Tuesday, March 3, 2015

ISPF "find" command: The Basics

Introduction

The find command is used to search the next occurrence of a string or pattern from current cursor position. This command is executed as find 'text' and the "find" can be abbreviated as f "text". This command works on various panels in ISPF; member list panel where we can search member name, 3.4 where we can search dataset names and on edit / view / browse datasets. This topic mainly covers the later part.

Command Usage

The basic usage is find 'text' where the cursor will move to the next occurrence of 'text'. This basic usage can be enhanced to do advanced search by additional options. Here are the additional options and examples

Restrict search to specific rows

Suppose you have marked line 10 with label .a and line 30 with label .b and you want to look for a string between these lines. Here is how to do the same.

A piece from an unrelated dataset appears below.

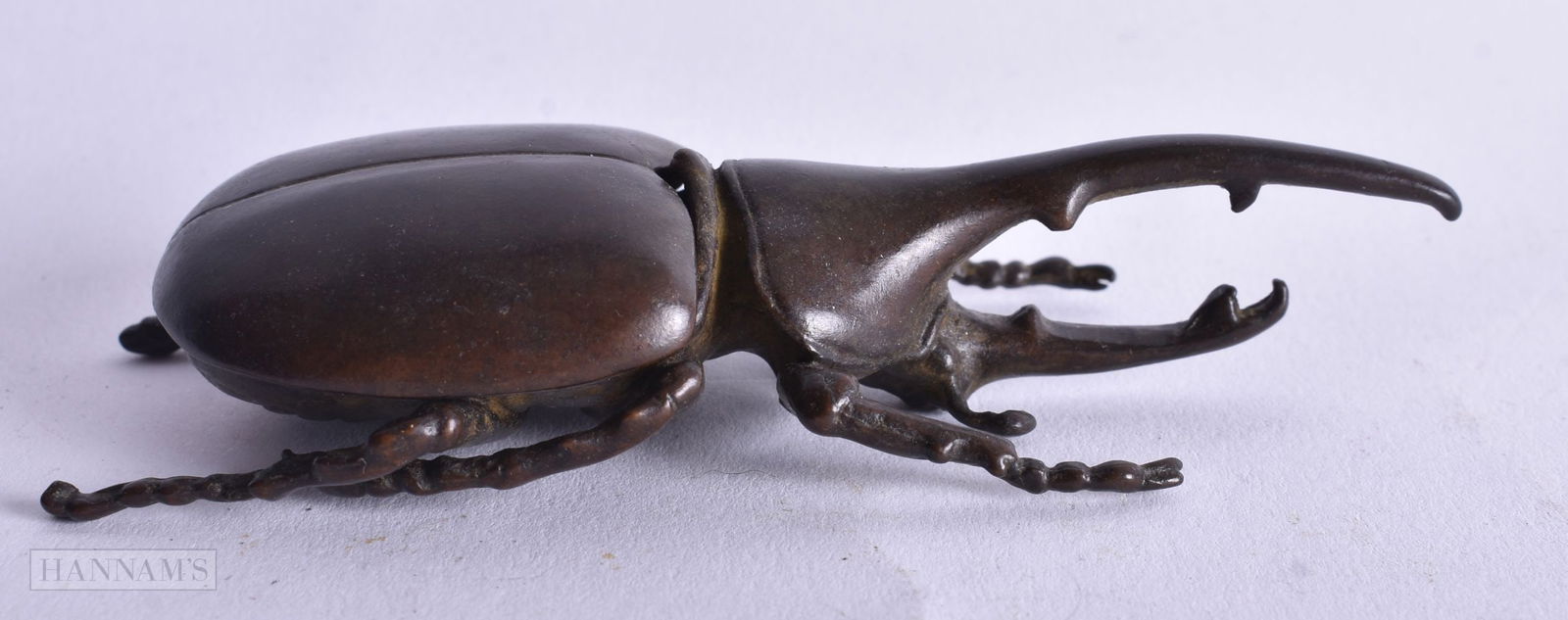 A Bronze Box and Cover in the form of a Rhinoceros Beetle. 10.2cm x 2.3cm x 4.3cm, weight 110g: A Bronze Box and Cover in the form of a Rhinoceros Beetle. 10.2cm x 2.3cm x 4.3cm, weight 110g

    find 'text' between lines marked by .a and .b
    find 'text' .a .b   

    find 'text' between line 1 and line with label .a 
    find 'text' .zf .a  

    find 'text' between label .a is and the last line. 
    find 'text' .a .zl

    Note: labels .zf, .zl and .zcsr refers 
       to first, last and current line.
    

Restrict search to specific columns

In order to search for a string between column position 10 50, we can do the following


    find 'text' between column 10 and 50.
    find 'text' 10 50   

    find 'text' between col 10 and last col (2nd operand is omitted).
    find 'text' 10      

    if the 2nd operand larger than LRECL, its is used instead.
    find 'text' 10 1000 
    

Search Directions

We can use next, prev, first, last and all along with find to find the next, previous, last and first occurrence and all occurrences respectively.


    Cursor goes to last occurrence of 'text'.
    find 'text' last    

    Cursor goes to previous occurrence from current cursor position.
    find 'text' prev    
    

Restrict string match by occurrence as prefix, suffix or standalone word. Suppose we have the following words in the dataset: text, context and texting.


    Find all 3 words. 
    find 'text' chars or
    find 'text'                  

    Find only "texting" not the other two. 
    find 'text' prefix 

    Match to "context" alone. 
    find 'text' suffix     

    Match to "text" as a whole word. 
    find 'text' word
    
Note: prefix and suffix can be abbreviated to pre and suf

Recursive find

After first match, next occurrence can be found by using the PF5 key and when the last occurrence is reached, the command wraps and goes to the first occurrence of the search string.

Repeating last search

find *
will use the lastly used search string and find the next occurrence. If * needs to be found literally then wrap * between single or double quotes.

Case in-sensitive search

find t'text'
will find text TEXT teXT etc...

Case sensitive search

find c'text'
will find text alone, not TEXT or Text...


Note:In another post, I will write about using patterns instead of literal texts as search criteria in the find command.